What to produce: Find the line containing "Škoda ENYAQ iV" in the data below, then output that line and each one after it exactly, with nothing else.

Data for this task:
◆ ◆ ◆ ◆ ◆ ◆ ◆
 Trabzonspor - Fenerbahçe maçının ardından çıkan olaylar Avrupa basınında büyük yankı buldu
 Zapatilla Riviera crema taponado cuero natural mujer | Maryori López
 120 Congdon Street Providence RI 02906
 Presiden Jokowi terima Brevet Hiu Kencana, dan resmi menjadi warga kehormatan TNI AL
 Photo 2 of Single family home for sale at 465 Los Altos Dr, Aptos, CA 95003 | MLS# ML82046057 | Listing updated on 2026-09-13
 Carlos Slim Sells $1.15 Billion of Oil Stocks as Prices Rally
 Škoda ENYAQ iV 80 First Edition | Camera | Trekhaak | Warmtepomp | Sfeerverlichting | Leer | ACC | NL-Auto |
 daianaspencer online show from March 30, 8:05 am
◆ ◆ ◆ ◆ ◆ ◆ ◆
Solution for this problem:
 Škoda ENYAQ iV 80 First Edition | Camera | Trekhaak | Warmtepomp | Sfeerverlichting | Leer | ACC | NL-Auto |
 daianaspencer online show from March 30, 8:05 am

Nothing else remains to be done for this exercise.